Procédure devant la Cour :
Par une requête et un mémoire enregistrés les 21 juin et 18 octobre 2022, M. A..., représenté par Me Cédric de Kervenoaël, demande à la Cour :
1°) d'annuler le jugement du 22 février 2022 du Tribunal administratif de Montreuil ;
2°) de lui accorder la déduction des frais réels pour le calcul de l'impôt sur le revenu 2015 pour un montant de 133 365,95 euros et de prononcer en conséquence le remboursement du trop versé d'impôt sur le revenu ;
3°) de mettre à la charge de l'Etat la somme de 4 000 euros en application de l'article L. 761-1 du code de justice administrative ainsi que les entiers dépens.
Il soutient que :
- les justificatifs adressés à la société civile de droit allemand Scorpions GbR qui est une société civile de personnes, fiscalement transparente, doivent être regardés comme des frais déductibles du revenu imposable au nom de ses associés ;
- les frais dont la déduction est demandée ont un caractère nécessaire ;
- il a fourni la copie des factures, la méthode de répartition par concert pour les factures qui concernaient plusieurs concerts, la preuve du paiement desdites factures, et le récapitulatif intégral des postes de charges de l'année 2015, pour les concerts en France et à l'étranger ;
- le montant total des revenus générés par l'activité sur le sol français en 2015 de la société civile de droit allemand Scorpions GbR s'élève à 2 287 224 euros et les charges pour l'exercice de l'activité en 2015 s'élèvent à 436 607,85 euros ;
- cette société a respecté ses obligations comptables et fiscales en Allemagne ;
- les recettes perçues en France et les charges y afférentes étant exclues pour la détermination du résultat de la société Scorpions GbR imposable à son nom en Allemagne, la prise en compte des charges litigieuses à son niveau n'entraîne pas de double déduction des dépenses réalisées pour les concerts en France ;
- l'égalité de traitement des contribuables face à l'administration lorsque ceux-ci sont dans une situation identique a été méconnue.
Par un mémoire en défense enregistré le 20 septembre 2022, le ministre de l'économie, des finances et de la souveraineté industrielle et numérique conclut au rejet de la requête.
Il soutient que :
- les moyens soulevés par M. A... ne sont pas fondés.
Vu les autres pièces du dossier.
Vu :
- la Constitution et la Déclaration des droits de l'homme et du citoyen ;
- le code général des impôts et le livre des procédures fiscales ;
- le code de justice administrative.
Les parties ont été régulièrement averties du jour de l'audience.
Ont été entendus au cours de l'audience publique :
- le rapport de M. Magnard,
- et les conclusions de M. Segretain, rapporteur public.
Considérant ce qui suit :
1. M. A..., ressortissant et résident allemand, est musicien, membre du groupe " Scorpions ", et détient un tiers des parts de la société civile de droit allemand " Scorpions GbR ". L'intéressé a déclaré des revenus de source française, dans la catégorie des traitements et salaires, d'un montant de 828 516 euros au titre de l'année 2015. Ces revenus ont été soumis à la retenue à la source, sur le fondement de l'article 182 A bis du code général des impôts, ainsi qu'à l'impôt sur le revenu à l'exception de la fraction libératoire, d'un montant de 41 867 euros.

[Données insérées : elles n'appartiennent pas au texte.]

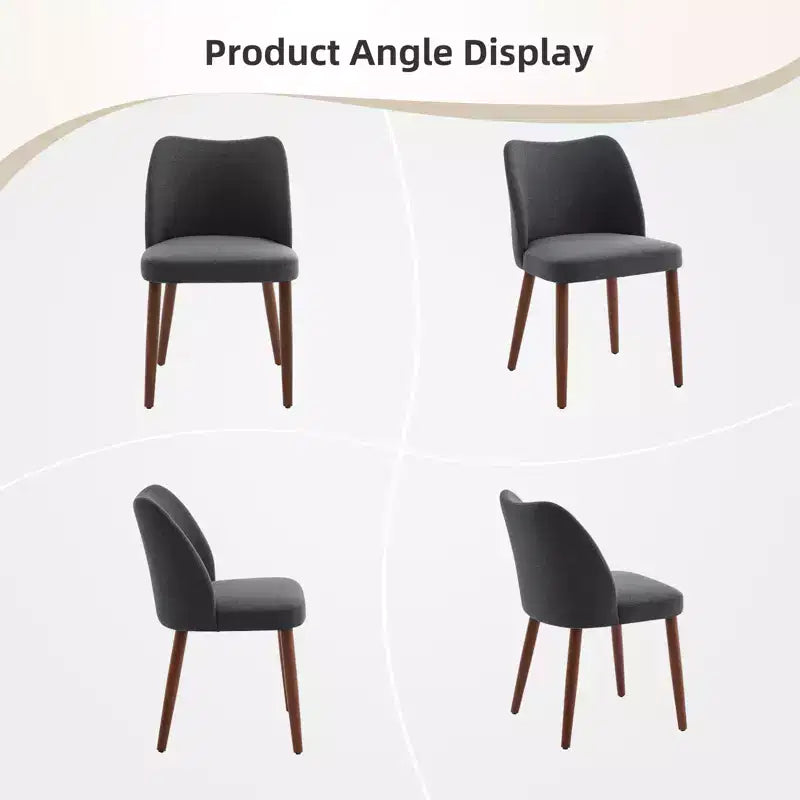Chaises de salle à manger modernes à dossier ailé (lot de 2) avec revêtement en tissu de lin, coussins épais pour un confort d'assise durable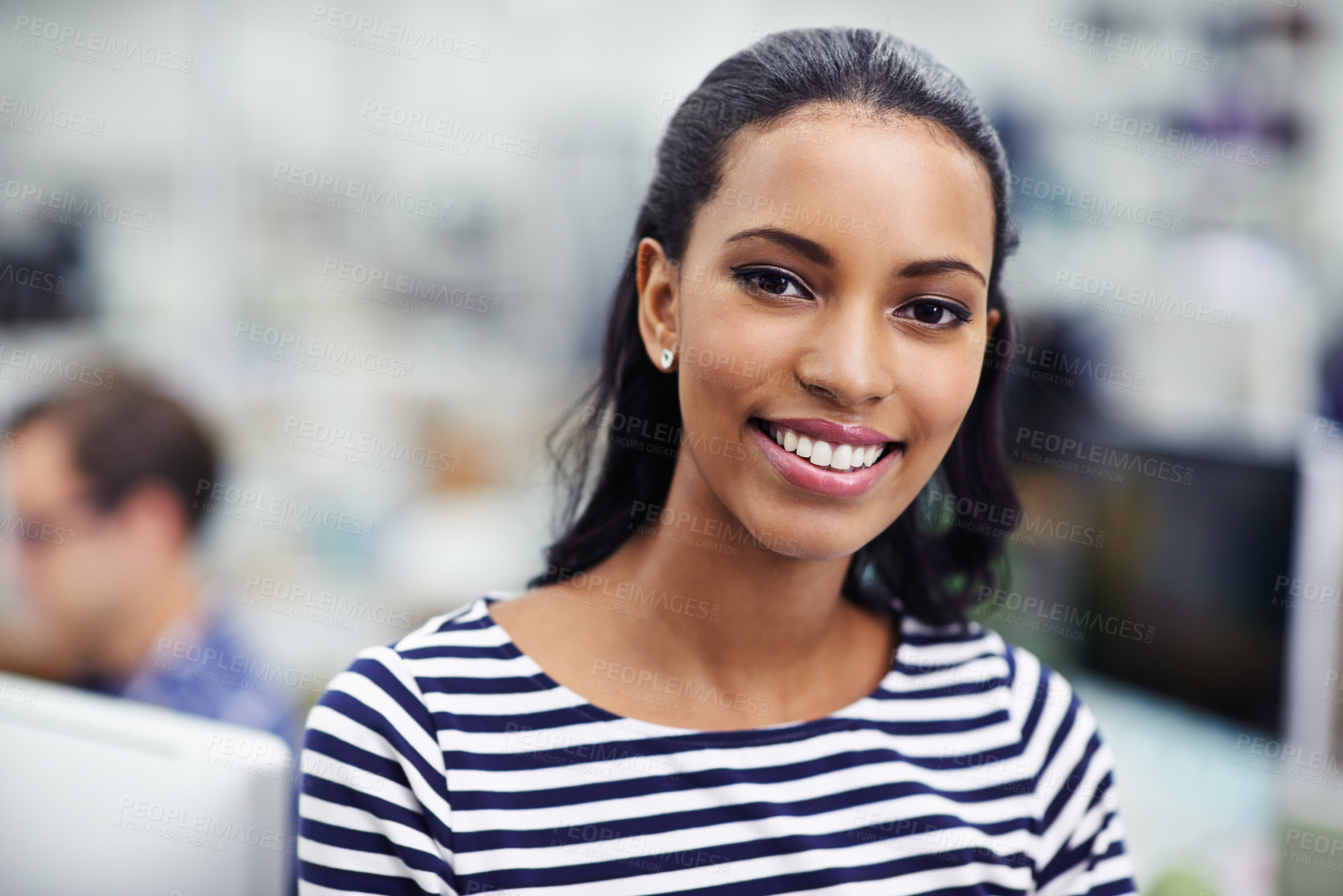 Buy stock photo African woman, portrait and smile with closeup, job and business and company or workspace. Employee, startup and office with entrepreneur, face and happiness with work and career at design agency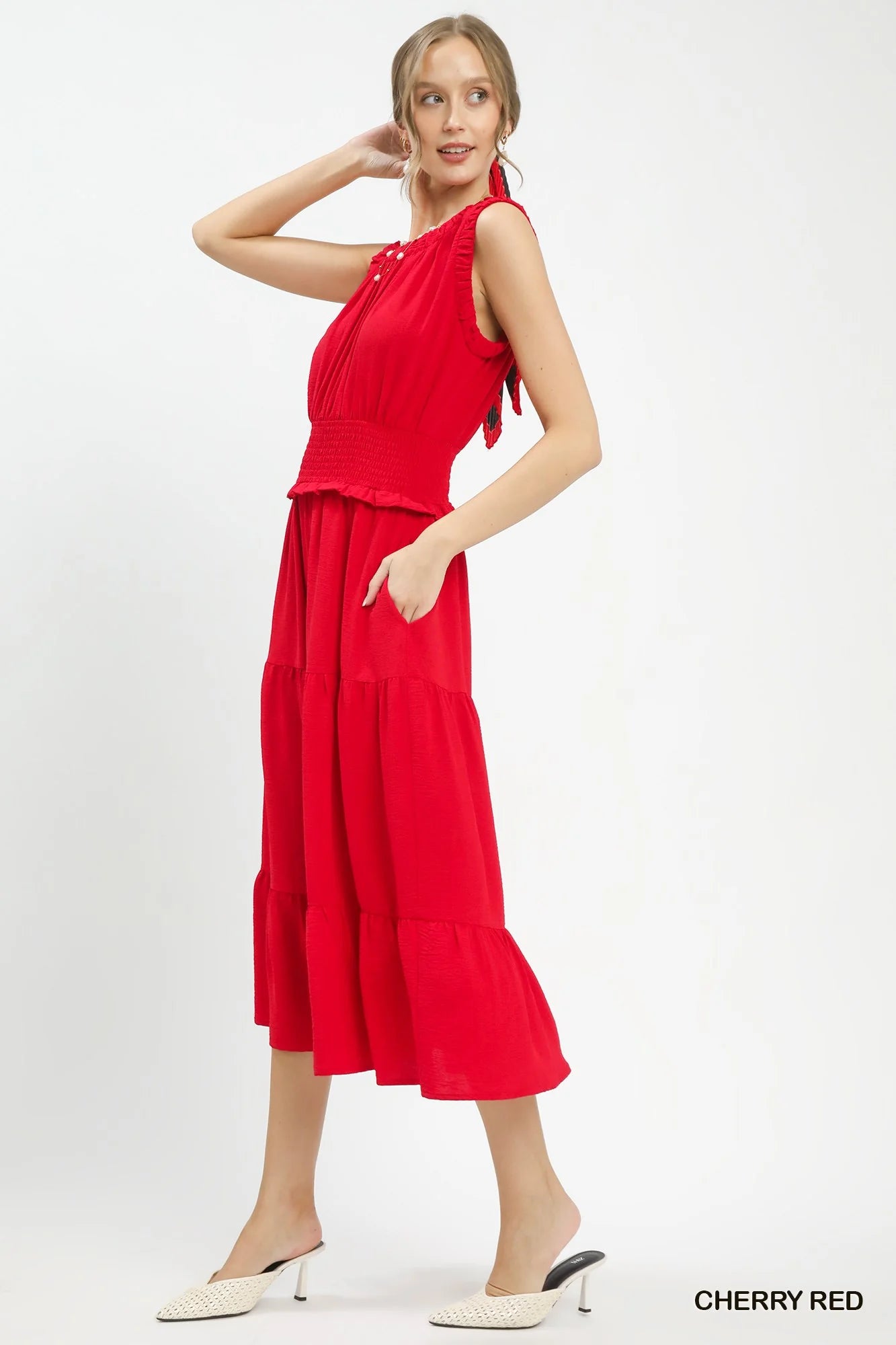 Hazel Blues® |  Umgee Smocked Waist Tiered Midi Dress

La cotisation d'impôt sur le revenu, d'un montant total de 244 979 euros, établie selon les déclarations de l'intéressé, a été mise en recouvrement le 31 octobre 2017. Par une réclamation du 19 décembre 2017, M. A... a sollicité la déduction des frais réels exposés au cours de l'année 2015, s'élevant, selon la déclaration rectificative déposée, à 165 653 euros. L'administration fiscale a rejeté cette réclamation le 21 août 2019. Par la présente requête M. A... relève appel du jugement par lequel le Tribunal administratif de Montreuil a rejeté sa demande tendant à la réduction de la cotisation d'impôt sur le revenu à laquelle il a été assujetti au titre de l'année 2015.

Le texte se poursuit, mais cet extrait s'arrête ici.